[RECORDS FOR THIS TASK Boundary: Start]

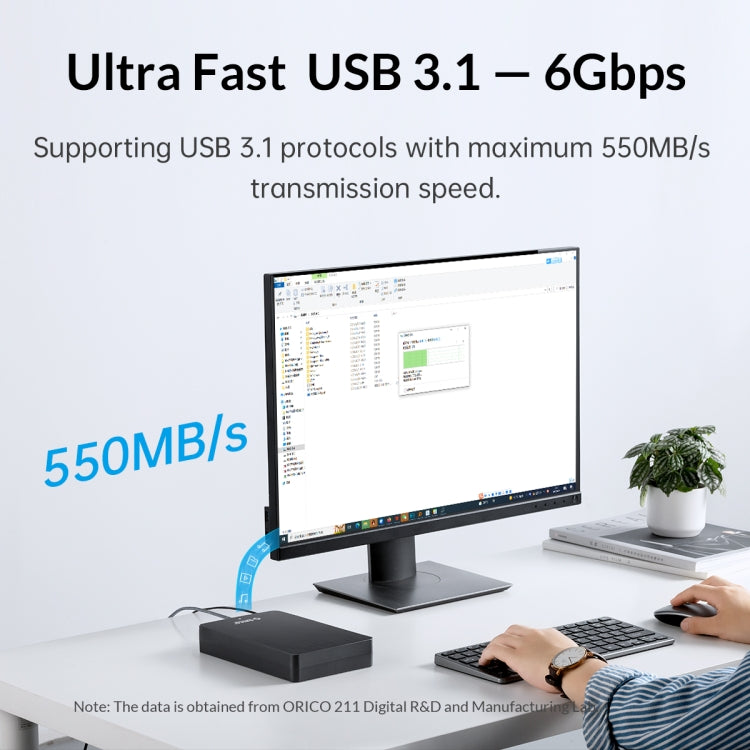ORICO HM25C3 2.5 inch USB3.1 Gen1 Type-C Hard Drive Enclosure, EU Plug, US Plug, UK Plug, AU Plug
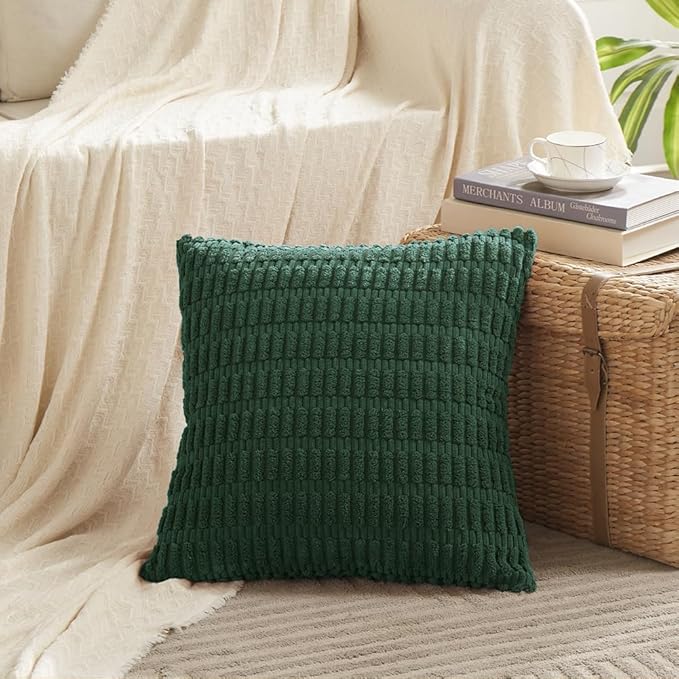 Fancy Homi Set of 4 Dark Green Boho Decorative Throw Pillow Covers 26x26 Inch for Couch Bed Sofa, Aesthetic Modern Bohemian Room Decor, Soft Fuzzy Fluffy Cozy Corduroy Textured Cushion Case 66x66cm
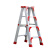 南盼 R 人字梯加厚折叠梯子双侧梯工程梯 铝合金梯子1米高红加固加厚款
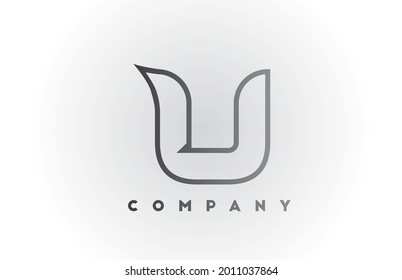 U line grey white gradient alphabet letter logo icon with white background. Business creative design for corporate and template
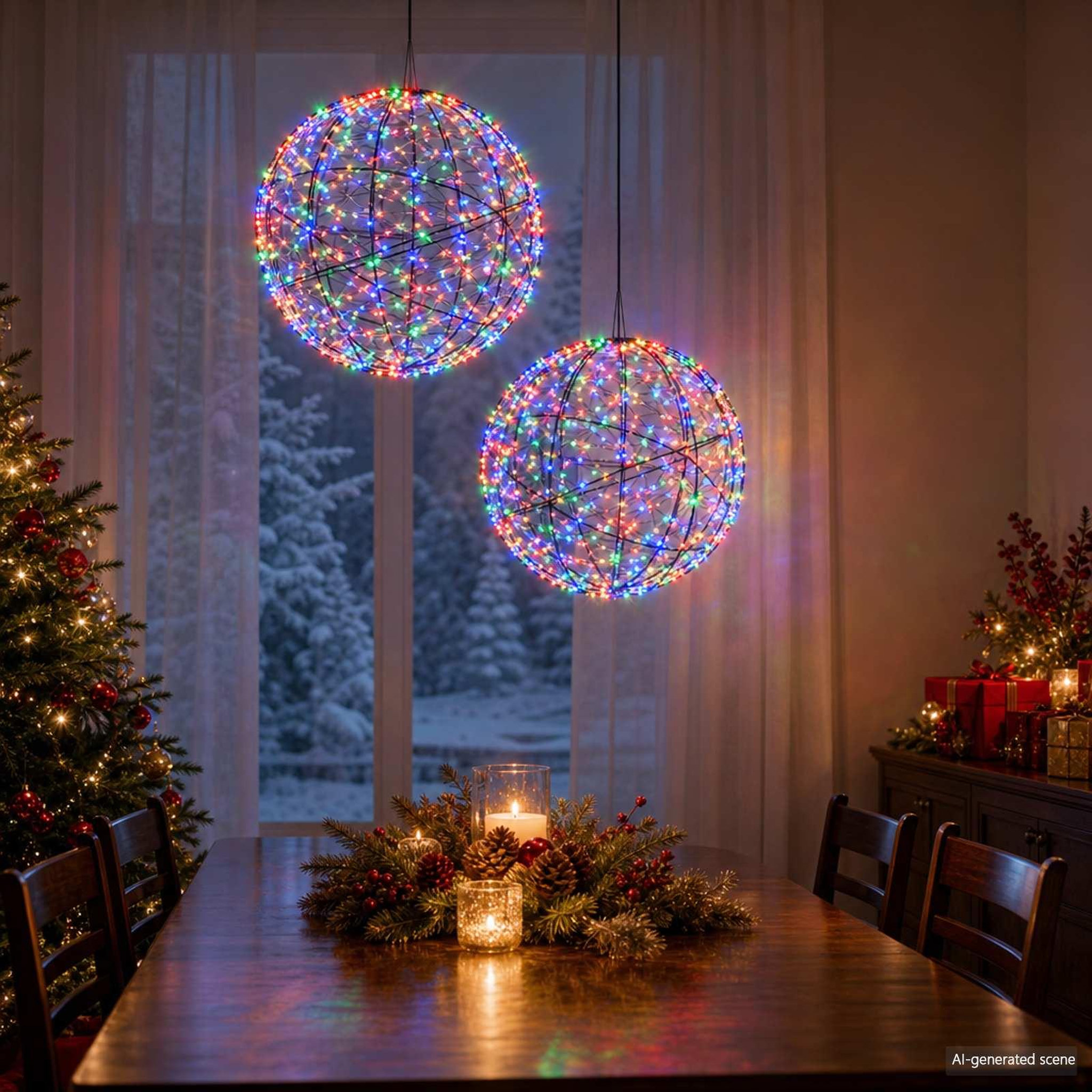 Voir la diapositive 4 : VIDAXL Lumiere de finial de Noël 2 pc 1000 LED Multicolore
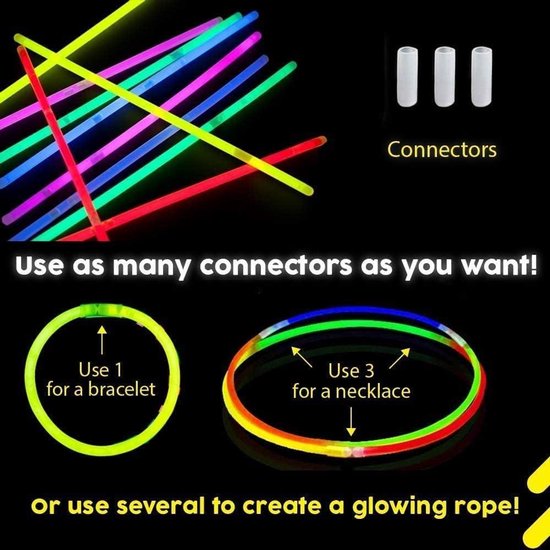 WedDecor Glow Sticks Party Pack 8 inch Gemengde Kleur Licht Sticks om Neon Ketting Armbanden Polsband Oogbril voor Verjaardag, Verjaardag, Feestbenodigdheden, 15 stks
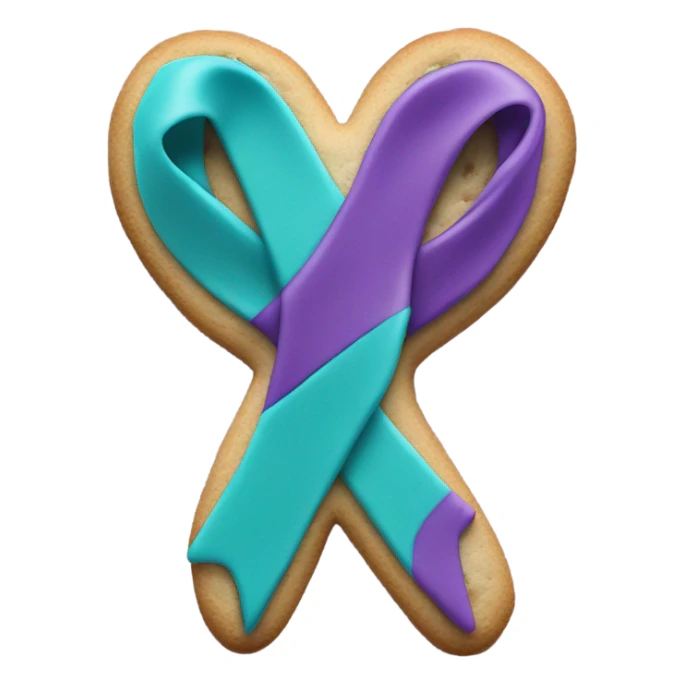Purple teal Suicide awareness ribbon, heart cookie sticker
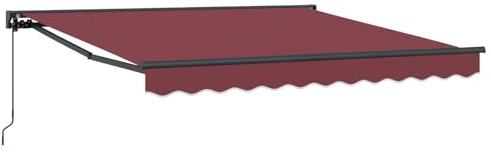 Infällbar markis bordeauxröd 350 x 250 cm, väderbeständig för terrass, metallram, UV-skydd, manuell drift, trädgårdsbaldakin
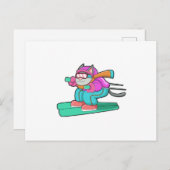 Kat als schansspringer met ski en skibril briefkaart (Voorkant / Achterkant)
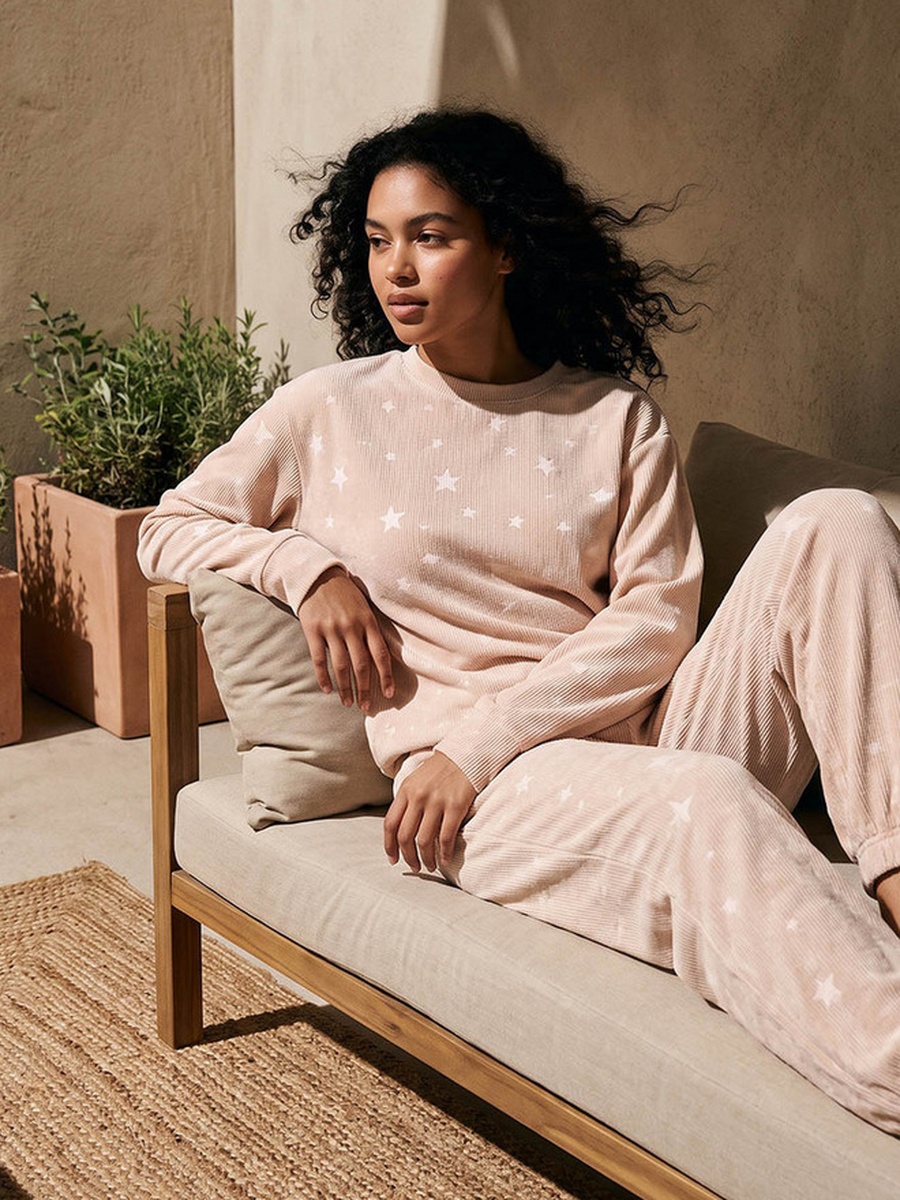 Pyjama Set with Jacquard Top and Trousers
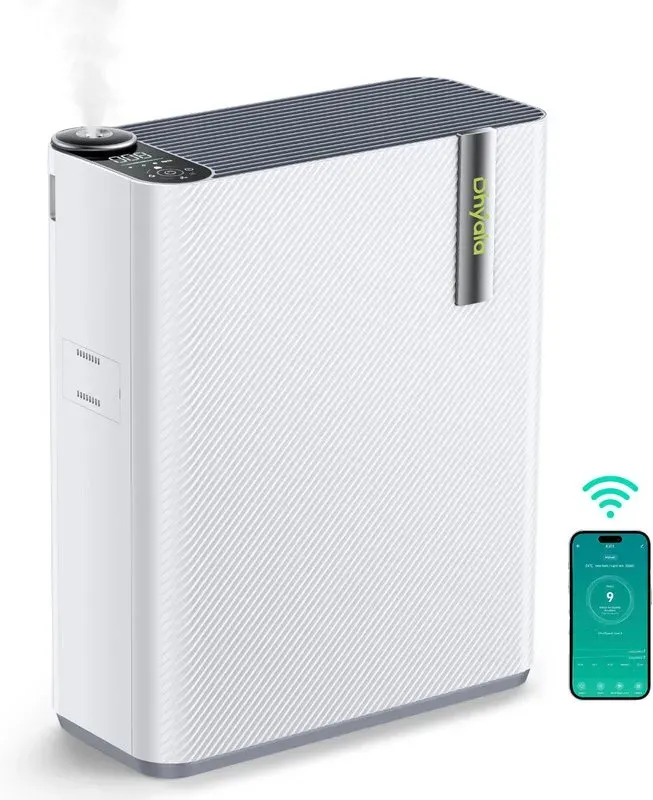 Dhyala Luftreiniger für große Räume bis zu 160 m2, echter HEPA-Filter (H13), intelligentes WLAN, Luftqualitätsüberwachung, Schlafmodus, Timer, Beseitigung von Tiergerüchen, Staub und Rauch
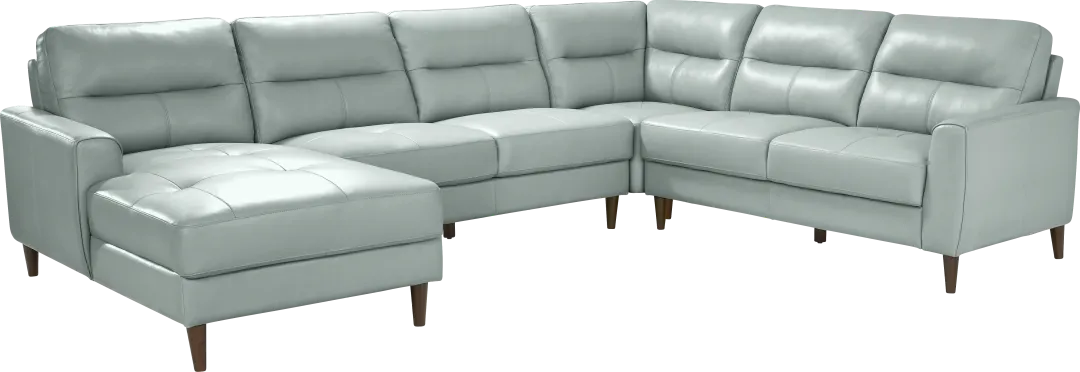 Sutton Heights Aqua Leather 4 Pc Sectional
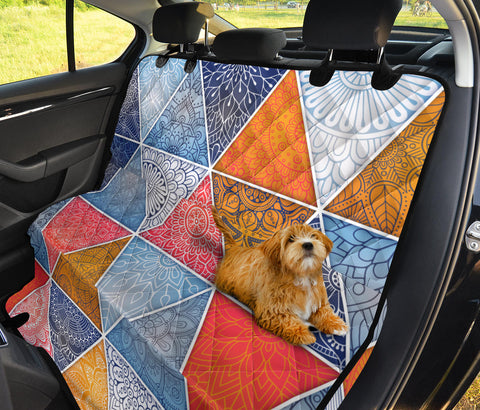 Image of Ethnic Floral Mandala Backseat Pet Covers, Abstract Art Car Accessories, Seat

[RECORDS FOR THIS TASK Boundary: End]

The answer should contain nothing but the lines from the top of the data above through the line containing "Purple teal Suicide", copied exactly, with no images.

ORICO HM25C3 2.5 inch USB3.1 Gen1 Type-C Hard Drive Enclosure, EU Plug, US Plug, UK Plug, AU Plug
 Fancy Homi Set of 4 Dark Green Boho Decorative Throw Pillow Covers 26x26 Inch for Couch Bed Sofa, Aesthetic Modern Bohemian Room Decor, Soft Fuzzy Fluffy Cozy Corduroy Textured Cushion Case 66x66cm
 南盼 R 人字梯加厚折叠梯子双侧梯工程梯 铝合金梯子1米高红加固加厚款
 U line grey white gradient alphabet letter logo icon with white background. Business creative design for corporate and template
 Voir la diapositive 4 : VIDAXL Lumiere de finial de Noël 2 pc 1000 LED Multicolore
 WedDecor Glow Sticks Party Pack 8 inch Gemengde Kleur Licht Sticks om Neon Ketting Armbanden Polsband Oogbril voor Verjaardag, Verjaardag, Feestbenodigdheden, 15 stks
Purple teal Suicide awareness ribbon, heart cookie sticker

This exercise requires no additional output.